Authentication for cloud-scale analytics in Azure

Authentication is the process of verifying the identity of the user or application. A single source identity provider is preferred, which handles identity management and authentication. This provider is known as a directory service. It provides methods for storing directory data and making this data available to network users and administrators.

Any data lake solution should use and integrate with the directory service that's already in use. For most organizations, Active Directory is the directory service for all identity-related services. It's the primary and centralized database for all service and user accounts.

In the cloud, Microsoft Entra ID is a centralized identity provider and the preferred source for identity management. Delegating authentication and authorization to Microsoft Entra ID enables scenarios such as conditional access policies that require a user to be in a specific location. It supports multifactor authentication to increase the level of access security. Configure data lake data store services with Microsoft Entra integration when possible.

For data services that don't support Microsoft Entra ID, use access key or token for authentication. The client should store the access key in a key management store such as Azure Key Vault.

Authentication scenarios for cloud-scale analytics are:

  • User authentication
  • Application and service-to-service authentication

User authentication

Users who connect to a data service or resource must present a credential. This credential proves that users are who they claim. Then they can access the service or resource. Authentication also allows the service to know the identity of the users. The service decides what a user can see and do after the identity is verified.

Azure Data Lake Storage Gen2, Azure SQL Database, and Azure Synapse support Microsoft Entra integration. The interactive user authentication mode requires users to provide credentials in a dialog box.

Important

Do not hard-code user credentials into an application for authentication purpose.

Application and service-to-service authentication

These requests aren't associated with a specific user or there's no user available to enter credentials.

Service-to-service authentication

Even if a service accesses another service without human interactions, the service must present a valid identity. This identity proves that the service is real. The accessed service can use the identity to decide what the service can do.

For service-to-service authentication, the preferred method for authenticating Azure services is managed identities. Managed identities for Azure resources allow for authentication to any service that supports Microsoft Entra authentication without any explicit credentials. For more information, see What are managed identities for Azure resources.
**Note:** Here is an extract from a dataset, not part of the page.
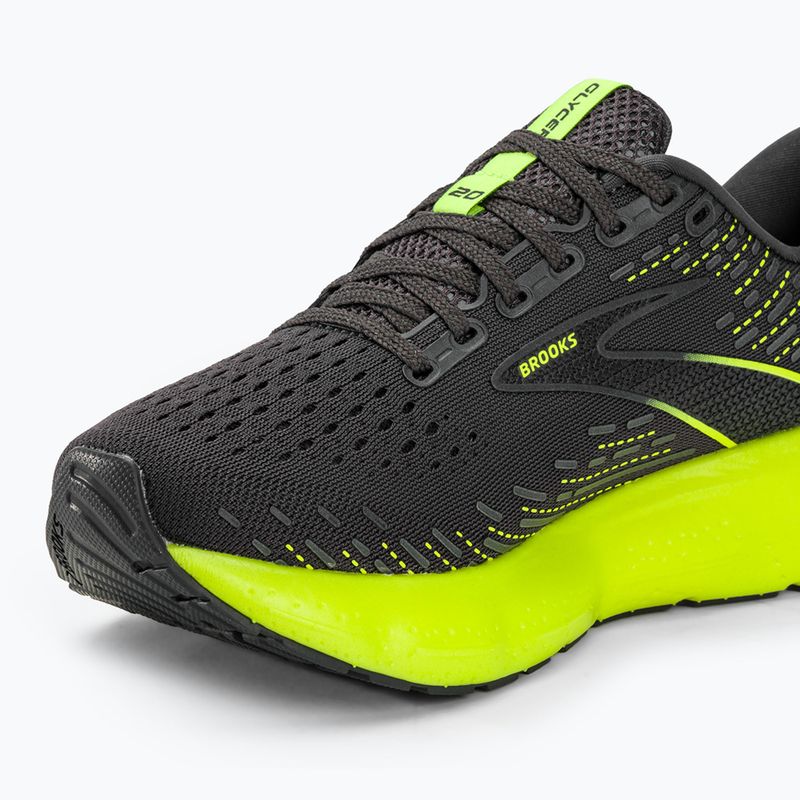 Дамски обувки за бягане Brooks Glycerin 20 black/blackened pearl/white 7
Managed identities are service principals, which can only be used with Azure resources. For example, a managed identity can be created directly for an Azure Data Factory instance. This managed identity is an object registered to Microsoft Entra ID. It represents this Data Factory instance. This identity can then be used to authenticate to any service, such as Data Lake Storage, without any credential in the code. Azure takes care of the credentials that are used by the service instance. The identity can grant authorization to Azure service resources, such as a folder in the Azure Data Lake Storage. When you delete this Data Factory instance, Azure cleans up the identity in Microsoft Entra ID.

Benefits of using managed identities

Managed identities should be used to authenticate an Azure service to another Azure service or resource. They provide the following benefits:

  • A managed identity represents the service for which it's created. It doesn't represent an interactive user.
  • Managed identity credentials are maintained, managed, and stored in Microsoft Entra ID. There's no password for a user to keep.
  • With managed identities, the client services don't use passwords.
  • The system-assigned managed identity is deleted when the service instance is deleted.
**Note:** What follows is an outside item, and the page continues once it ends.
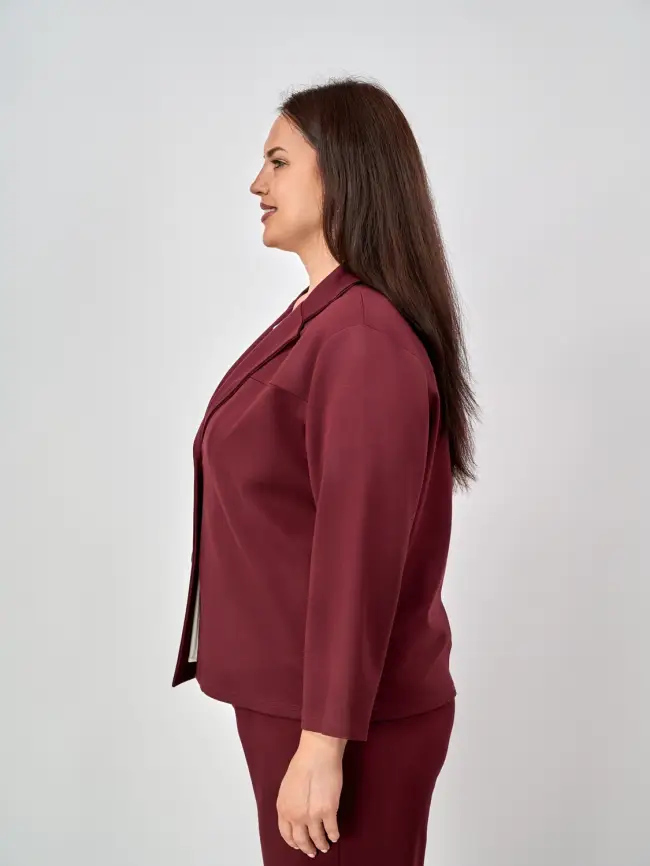 Пиджак 33493 ЭттоПлюс Размер 50-58 фото 18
These benefits mean that the credential is better protected and security compromise is less likely.

Application-to-service authentication

Another access scenario is an application, such as a mobile web application, accessing an Azure service. Whoever is accessing an Azure service, the accessor must provide its identity and that identity must be verified.

An Azure service principal is the alternative for applications and services that don't support managed identities to authenticate to Azure resources. An Azure service principal is an identity created for use with applications, hosted services, and automated tools to access Azure resources. This access is restricted by the roles assigned to the service principal. For security reasons, we recommend using service principals with automated tools or applications rather than allowing them to sign in with a user identity. For more information, see Application and service principal objects in Microsoft Entra ID.

Note

Both managed identities and service principals are created and maintained only in Microsoft Entra ID.
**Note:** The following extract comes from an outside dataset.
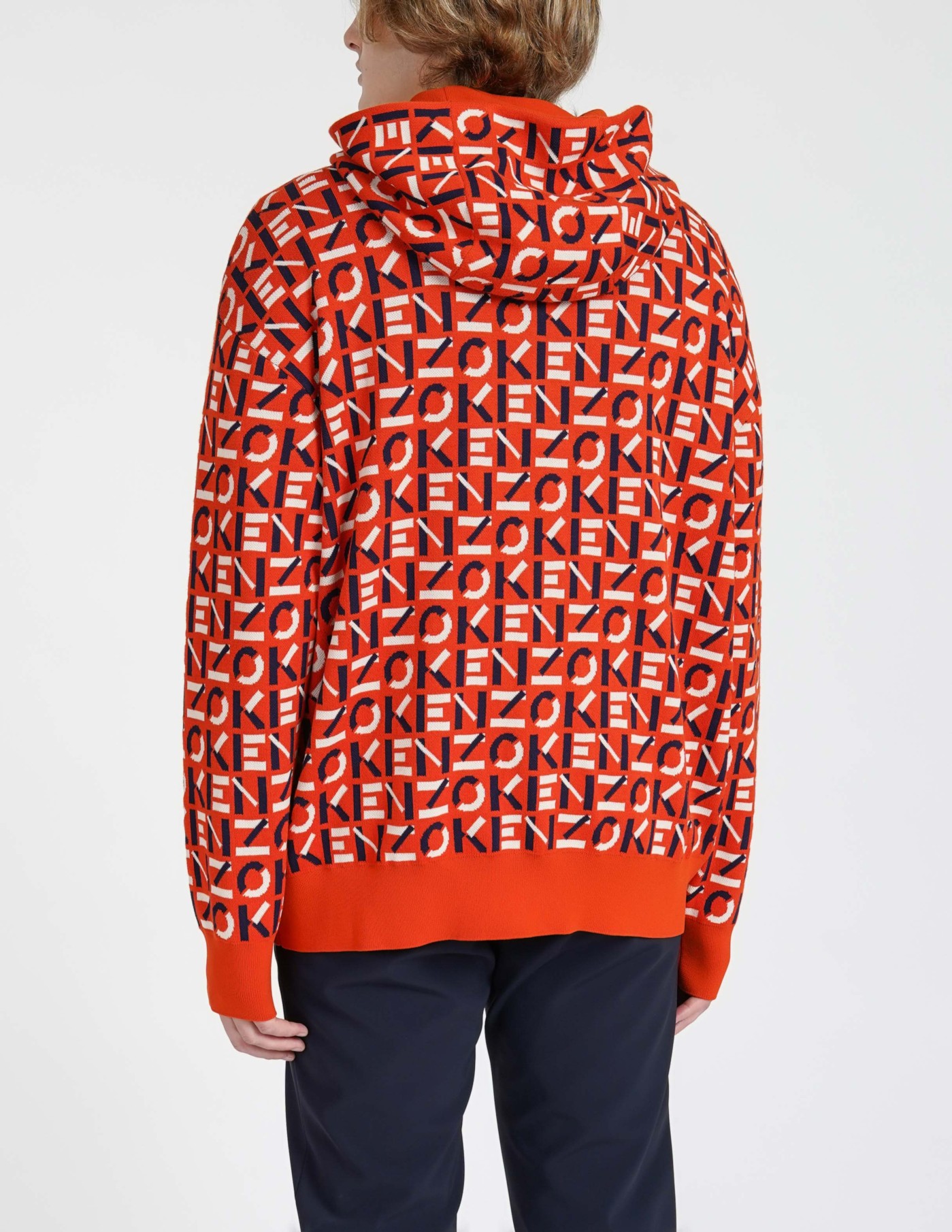 kenzo sport pullover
Difference between managed identity and service principal

Service principal Managed identity
A security identity manually created in Microsoft Entra ID for use by applications, services, and tools to access specific Azure resources. A special type of service principal. It's an automatic identity that is created when an Azure service is created.
Can be used by any application or service. It isn't tied to a specific Azure service. Represents an Azure service instance itself. It cannot be used to represent other Azure services.
Has an independent lifecycle. You must delete it explicitly. Is deleted automatically when the Azure service instance is deleted.
Password-based or certificate-based authentication. No explicit password to be provided for authentication.

Database authentication and permissions

Cloud-scale analytics probably contains polyglot storage. Examples include PostgreSQL, MySQL, Azure SQL Database, SQL Managed Instance, and Azure Synapse Analytics.

We recommend that you use Microsoft Entra groups to secure database objects instead of individual Microsoft Entra user accounts. Use these Microsoft Entra groups to authenticate users and protects database objects. Similar to the data lake pattern, you could use your data application onboarding to create these groups.

Note

Data applications can store sensitive data products in Azure SQL Database, SQL Managed Instance, or Azure Synapse Analytics pools. For more information, see Sensitive data.

Azure Data Lake security in cloud-scale analytics

To control access to data in the data lake, we recommend using access control list (ACL) at the level of files and folders. Azure Data Lake also adopts a POSIX-like access control list model. POSIX (portable operating system interface) is a family of standards for operating systems. One standard defines a simple but powerful permission structure for accessing files and folders. POSIX has been adopted widely for network file shares and Unix computers.

Similar to Azure RBAC general practices, the following rules should apply to ACL:

  • Manage access using groups. Assign access to Microsoft Entra groups and manage membership of groups for ongoing access management. See Access control and data lake configurations in Azure Data Lake Storage.

  • Least privilege. In most cases, users should have only read permission to the folders and files they need in the data lake. A managed identity or service principal, such as the one used by Azure Data Factory, has read, write, and execute permissions. Data users shouldn't have access to the storage account container.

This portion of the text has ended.